Here’s how Wallace’s contract plays out for the rest of the duration according to Spotrac.
- 2014 $15 million ($50,000 in misc bonus)
- 2015 $9.85 million ($50,000 in misc bonus)
- 2016 $11.45 million ($50,000 in misc bonus)
- 2017 $11.45 million ($50,000 in misc bonus)
No matter how you slice and dice it, it’s safe to say that you’re going to be overpaying for Mike Wallace. This might be especially unwise to do in a season like the Browns are facing with as many draft picks as they have in such a reputedly “receiver rich” draft class. Those caveats aside, there are a couple things to keep in mind. First of all, if the Browns trade for Wallace, he’s just a hired gun with only a $3 million guarantee after 2014. That’s a heft price tag for one year to be sure and probably not worth it to even the most receiving-starved team in the league.
But, there’s also an option to convert those guaranteed dollars to a signing bonus. Let’s say you give the Dolphins a seventh rounder in exchange for Wallace and then upon getting him in Cleveland, you convert $10 million of his 2014 salary to signing bonus. Now his contract looks like this:
- 2014 $5 million salary + $2.5 million signing bonus + $50k misc bonus = $7.5 million cap number
- 2015 $9.85 million salary + $2.5 million signing bonus + $50k = $12.35 million cap
- 2016 $11.45 million salary + $2.5 million signing bonus + $50k = $13.95 million cap
- 2017 $11.45 million salary + $2.5 million signing bonus + $50k = $13.95 million cap
The other thing to keep in mind is that the Browns have Josh Gordon under his rookie deal until the end of the 2015 season. That might make it a bit more palatable to overpay for a guy like Mike Wallace for two years. Then if you cut him after that so you can extend Gordon, the Browns have to take a $5 million cap hit in dead money to get out of paying him just north of $22 million over the next two years. The Browns will have paid Wallace basically $25 million in cash for two years of service, which is a whole lot. Still, it’s a bet on Mike Wallace as he finishes his twenties and before he hits his thirties.

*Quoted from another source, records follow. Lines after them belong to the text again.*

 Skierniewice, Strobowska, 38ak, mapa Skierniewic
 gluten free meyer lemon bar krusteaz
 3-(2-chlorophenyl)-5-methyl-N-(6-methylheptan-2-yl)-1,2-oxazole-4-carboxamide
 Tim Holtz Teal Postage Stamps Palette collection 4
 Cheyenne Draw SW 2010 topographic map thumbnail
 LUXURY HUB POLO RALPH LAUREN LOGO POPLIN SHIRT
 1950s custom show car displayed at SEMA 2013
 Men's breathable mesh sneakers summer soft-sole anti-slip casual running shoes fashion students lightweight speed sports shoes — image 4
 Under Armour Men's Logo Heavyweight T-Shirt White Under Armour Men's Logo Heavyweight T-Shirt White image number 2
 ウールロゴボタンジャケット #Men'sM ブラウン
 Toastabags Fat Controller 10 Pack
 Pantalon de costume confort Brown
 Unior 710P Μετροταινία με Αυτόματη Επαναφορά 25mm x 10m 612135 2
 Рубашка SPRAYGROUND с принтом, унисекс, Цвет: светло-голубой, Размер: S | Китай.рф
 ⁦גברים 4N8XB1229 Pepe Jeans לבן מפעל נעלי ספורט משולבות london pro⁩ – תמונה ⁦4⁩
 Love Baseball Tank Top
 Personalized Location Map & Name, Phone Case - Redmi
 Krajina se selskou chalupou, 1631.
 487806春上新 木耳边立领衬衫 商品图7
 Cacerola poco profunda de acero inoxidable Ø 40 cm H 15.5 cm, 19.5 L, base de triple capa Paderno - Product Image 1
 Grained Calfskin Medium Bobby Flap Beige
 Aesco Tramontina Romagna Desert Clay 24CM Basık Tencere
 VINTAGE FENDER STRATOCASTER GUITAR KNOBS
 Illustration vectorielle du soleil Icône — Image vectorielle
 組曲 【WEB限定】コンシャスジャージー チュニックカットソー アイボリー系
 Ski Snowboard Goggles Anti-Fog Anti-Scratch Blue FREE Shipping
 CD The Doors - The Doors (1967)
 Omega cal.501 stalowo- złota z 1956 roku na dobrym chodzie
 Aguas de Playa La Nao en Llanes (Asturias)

I don’t expect this is something the Browns will do after laying it all out, but it’s still a fun exercise. And if the Browns did decide to overpay to have Mike Wallace for a couple years, it’s more fun to look at it from their perspective than the Dolphins’ perspective. They’re the team that’s currently on the hook for a guy who is scheduled to count over $17 million on their cap this season. He also represents a figure of $23.8 million in dead money if the Dolphins were to cut him outright. Not an enviable position for a team with a receiver who didn’t break 1000 yards and scored only five touchdowns in his first season on his contract.